S and T, then
I met S in 2005. By that point, I was already friends with T–S was her boyfriend. He was a freshman and I was a sophomore. I’d already known S and T finished undergrad and moved to Seattle. S got a masters of public finance. He works for a startup. T is getting a Ph.D. in statistics and is at the top of her class. I think they’re both pretty awesome
S & T, now
One of the things about S is that he and I have very little in common. Our lives diverged completely since 2009. In three years, he’s found a life for himself in Seattle, got a full time job, and is married. He and S, who’ve been a unit for a long time, only began (from my experience) to define themselves as adult individuals in 2008. They’ve been doing it solidly since then.
A and me, then
One of my fondest memories of S is from 2008. T was spending a semester in London, which forced them apart. He was going to visit her for spring break. A week or so before he left, we were sitting around in the living room. S looked down and ran his hands through his hair, making it stick up as he is wont to do. He looked up and said “I think I should ask her to marry me. I should just do it.”
He didn’t ask her until the next year, but that was sort of a defining point in my knowing him: He was the kind of person who would get married. Not in a “we should get married” kind of way, but in a surprise proposal diamond ring popping the question kind of way.
A few weeks ago, when I was out west, S and I spent some time together. T was out of town, much to my own sadness. We wandered around Wallingford and the U District (I think) with W, had Korean dinner, and wandered back to the apartment he and T share with each other and no one else.
After W and I were on the bus headed back to Capitol Hill, he said “It’s nice you can still talk to each other.”
The fact is, S and I are completely different. In fact, all of my close friends from then–A, B, G, S, and T–are different from me.

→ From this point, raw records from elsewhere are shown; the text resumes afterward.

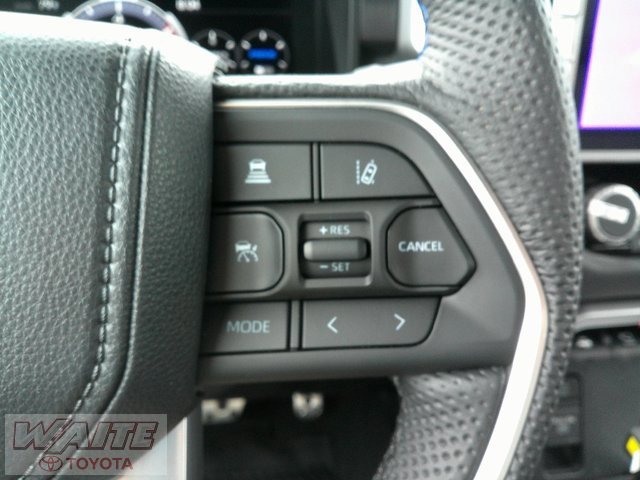 New 2025 Toyota Tundra Platinum image 14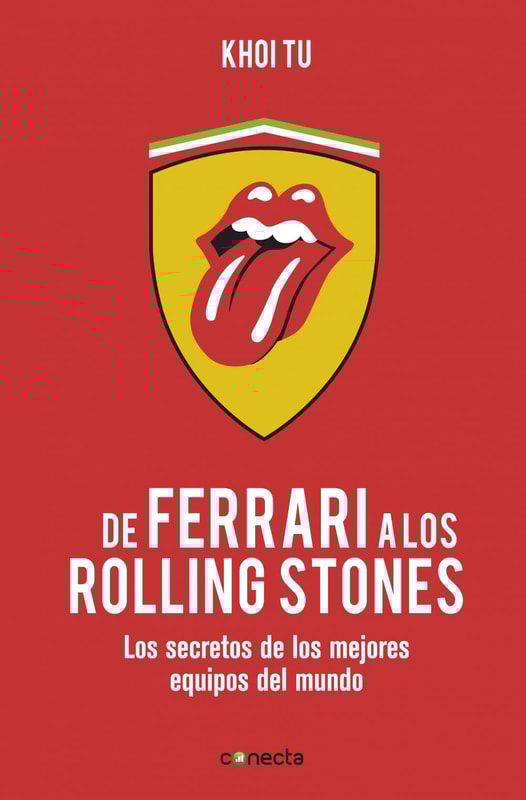 De Ferrari a los Rolling Stones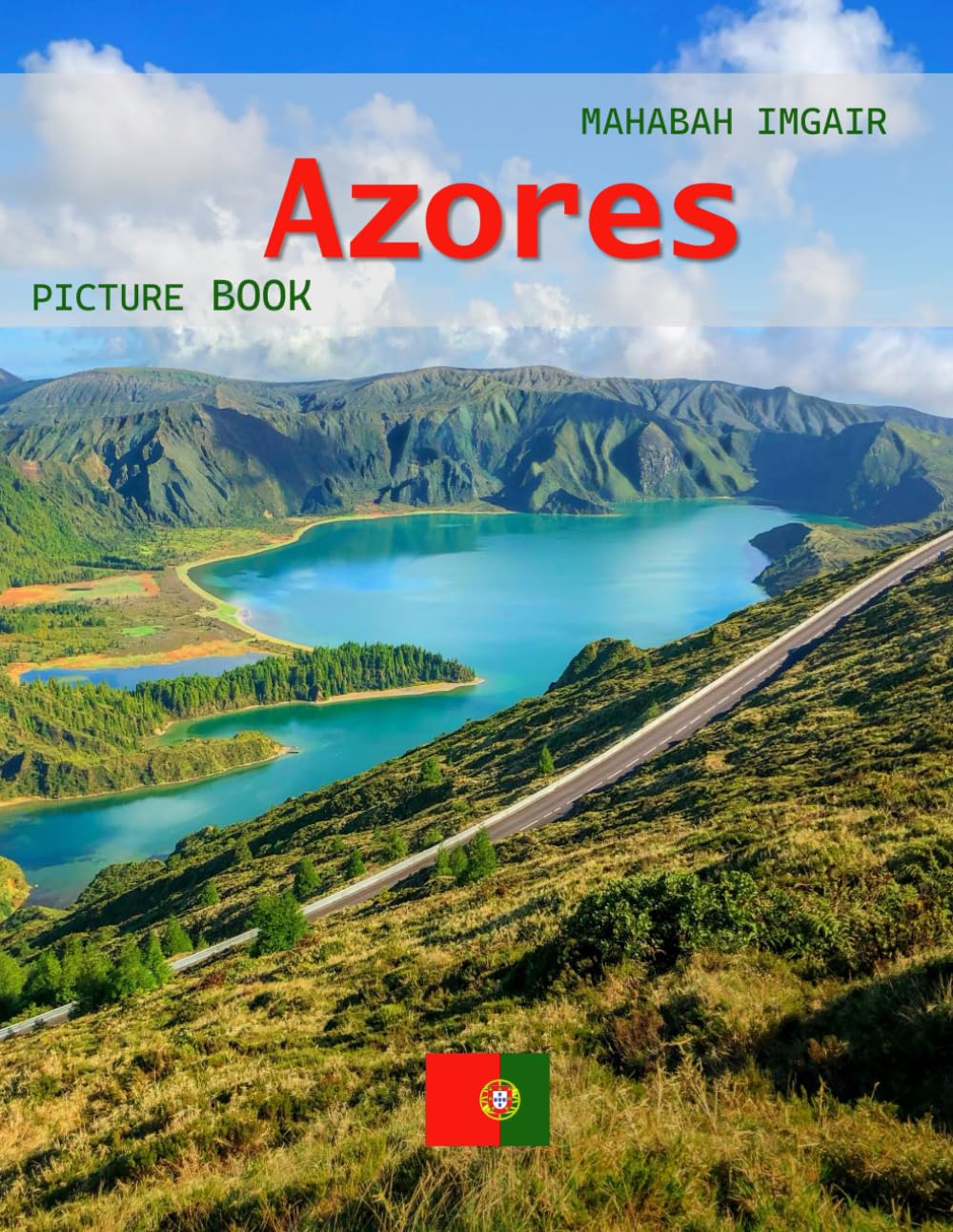 Azores: A Timeless Visual Journey — A Coffee Table Photo Collection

me, now. Philadelphia Folk Festival, 2012.
As we were talking down the Burke-Gilman, I took off my shoes because they were uncomfortable. I suggested–mostly jokingly–that S and T start going dumpster diving. He scoffed at the idea. He commented on how lucky he is because he was able to go to Japan on his honeymoon.
He had a honeymoon.
The thing is, we aren’t really all that different. There are lots of surface differences, but I was always sort of the weirdo of the group. We have many similar values–some he is more extreme in and some I am more extreme in–and very different ways of expressing things. This is because S and I helped build each other.

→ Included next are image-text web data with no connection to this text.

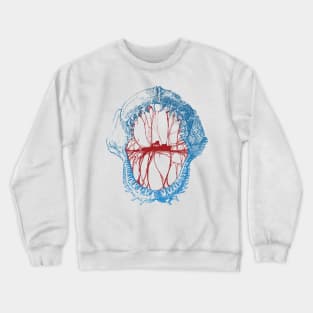 Jaws Crewneck Sweatshirt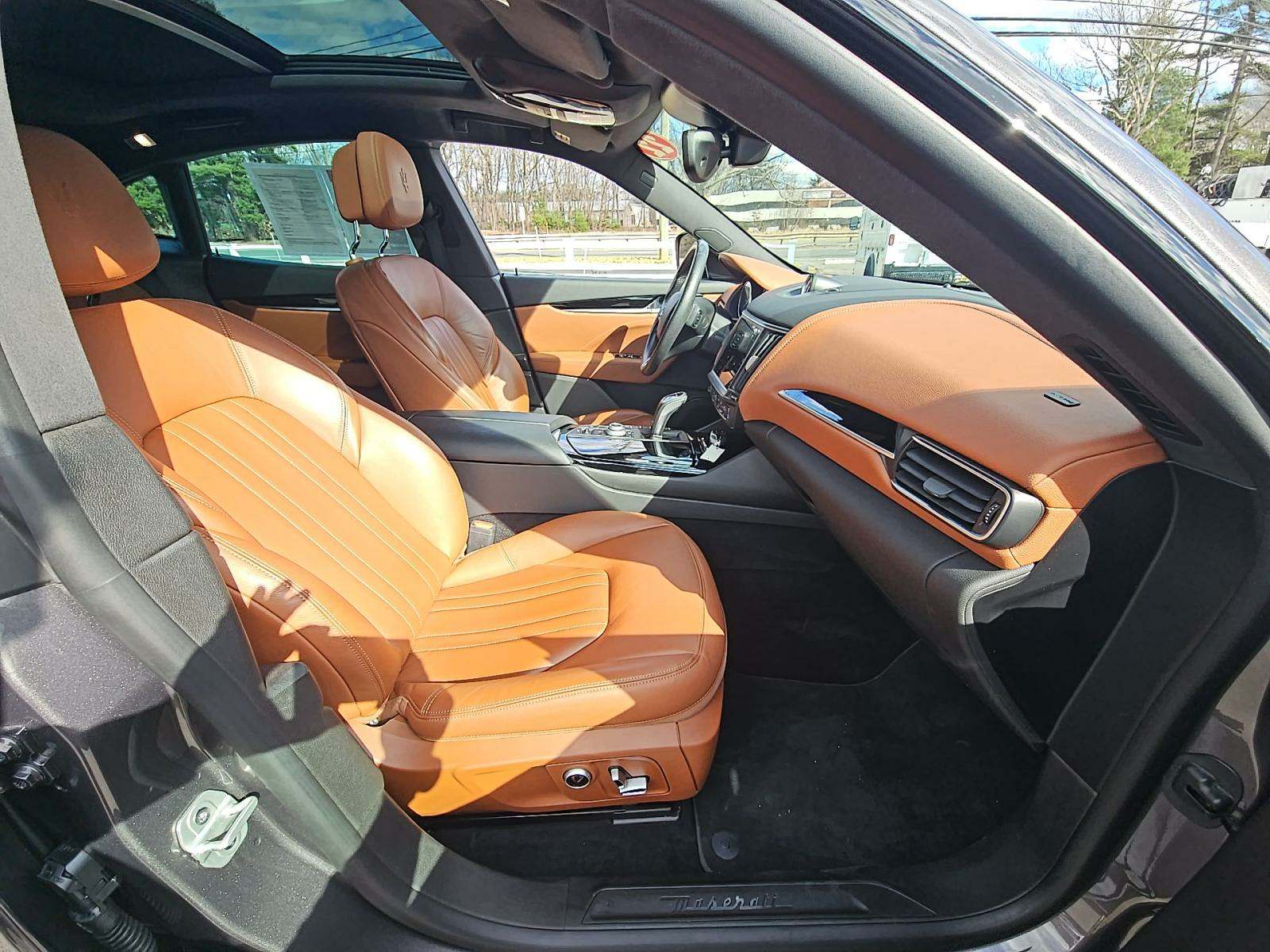 2022 Maserati Levante Modena AWD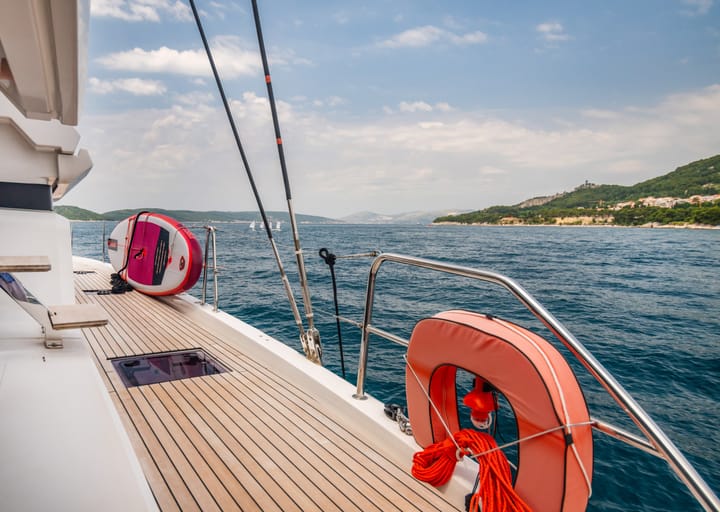 Katamaran Lagoon 55 (2023) für Charter - Kaštel Gomilica | #25738 - 43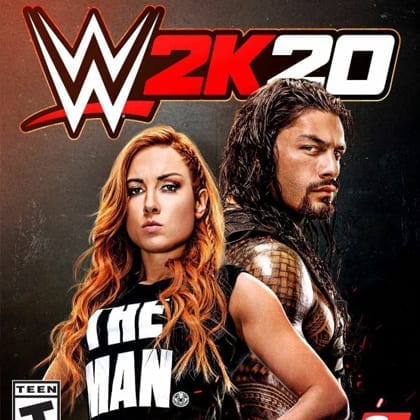 WWE 2K20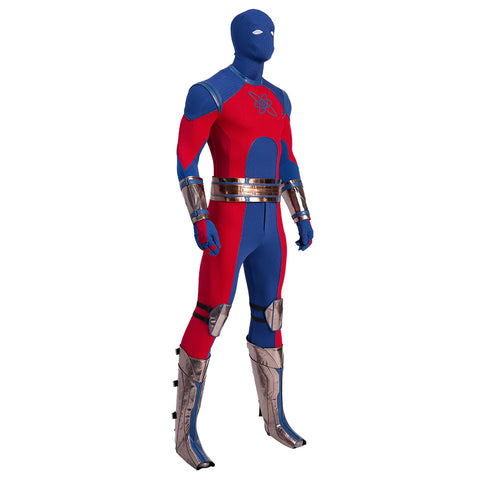 New Arrival Superhero Smasher Cosplay Costume Halloween Carnival Outfit Jumpsuit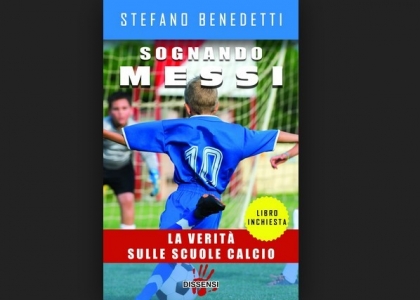 Libri di sport: il disinvolto business dei calciatori in erba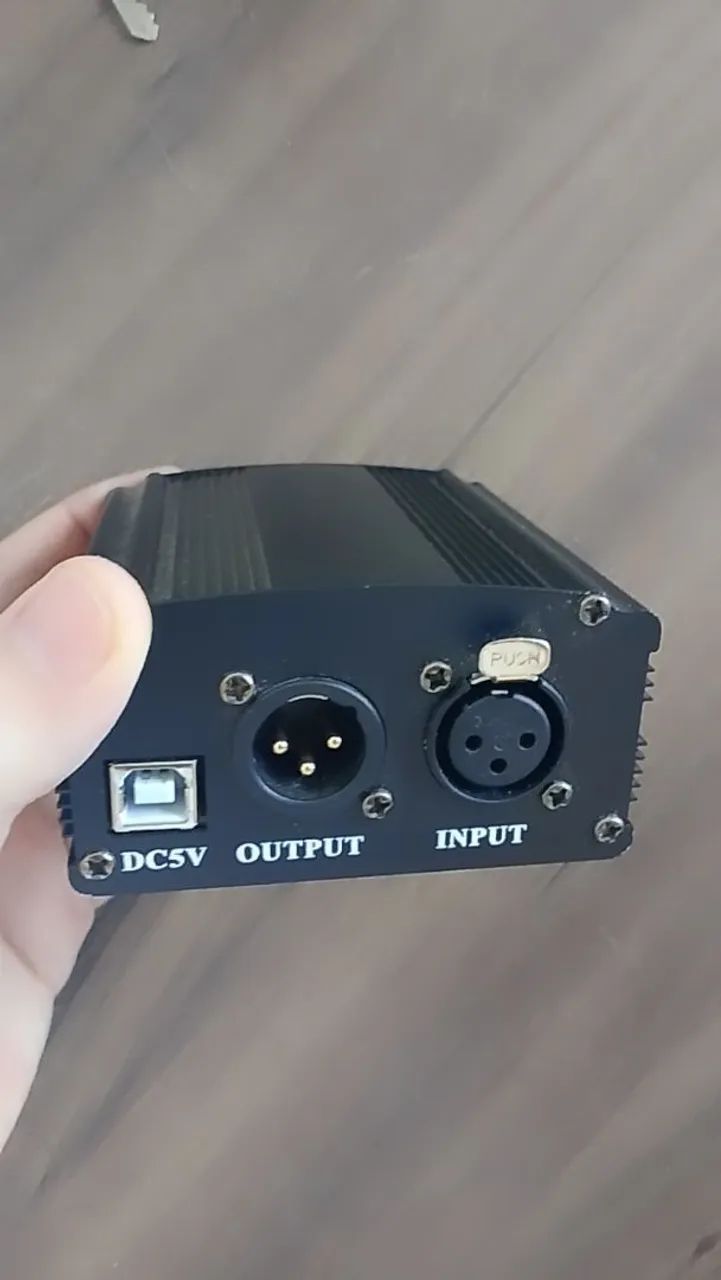 Phantom Power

G, then. I took this picture of him in 2005.
We all helped build each other. KK, another friend of mine from then, and I appear to have even less in common. She is married, pregnant, has a mortgage, is getting a Ph.D. in bioinformatics, and is Catholic. We still have a shockingly similar set of values and can still talk.
Life is about building things. Relationships are about building things together, and the relationship itself is something you build. When these relationships are during your formative years, you’re not just creating the space between the people: you are, in a very inescapable way, creating each other.

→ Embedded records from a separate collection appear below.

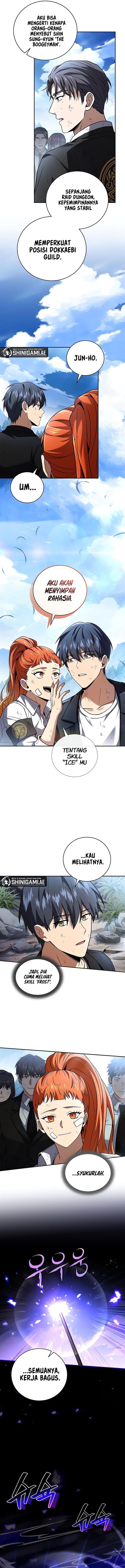 Return of the Frozen Player Chap 137 - Next Chap 138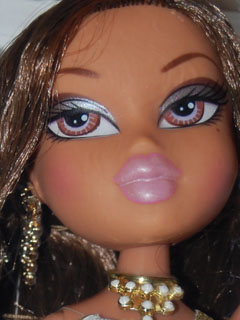 Bratz swim wear Yasmin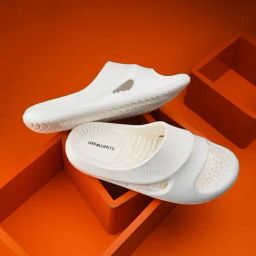 OFF LIMITS Men's MIAMI White Slides-39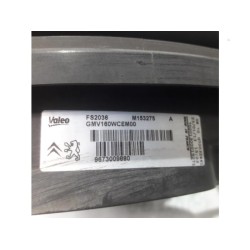 Citroen - Berlingo - Fan motor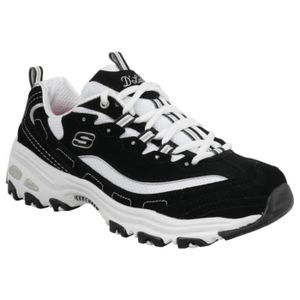 Femme Semelle Skechers Pas Noire Achat Vente Cher kXTZiPulwO
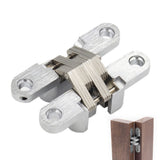 Stainless Steel 180 Degree Cabinet Concealed Hinge for Cabinet Doors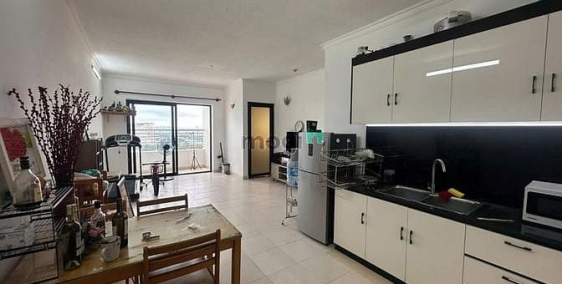 Căn hộ chung cư: C/c Thái An 2, Nguyễn Văn Quá, Q12: 75m2, 2p ngủ, 2wc, NTCB,7tr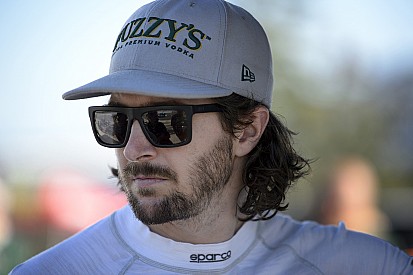 Hildebrand sulla seconda vettura di Dreyer & Reinbold alla Indy 500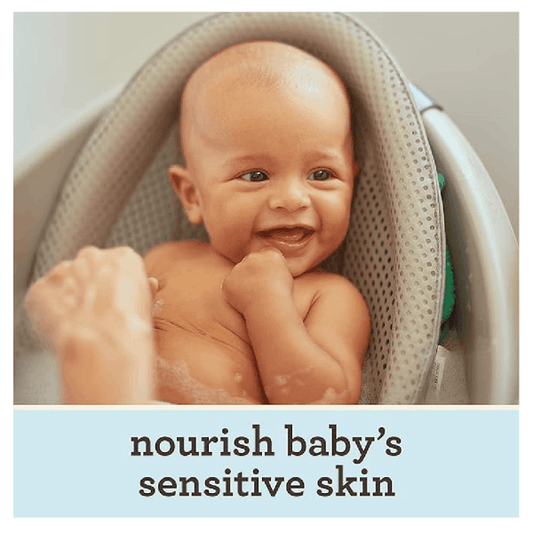 Aveeno Baby Wash &amp; Shampoo 354ml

G, now. Holding a chuppa at a wedding.
I don’t think I was really a person until I met G. He helped build me by calling me a jerk when someone needed to. A was there for me during several crises. T reminded me that other people matter to me. B taught me about making decisions. S showed me what it means to love another person.
Of course we had other experiences. The structures of our relationships are grand, but the pieces that make them up are the nights sitting around watching the X-Files and all those movies, the days cooking whole meals, midnight rides to the one Dunkin Donuts in Pgh, mornings waiting in line waiting for a seat so we could eat pancakes.
So much of who I am was built by these people, through our shared experiences, that I don’t worry about what will happen with us knowing each other. I don’t worry that I won’t be able to talk to them, not just talk, but understand, communicate, and have new experiences together. They built me and I built them.
*B doesn’t take pictures of himself. None of these photos belong to me, so they are exempt from the CC-BY-SA license.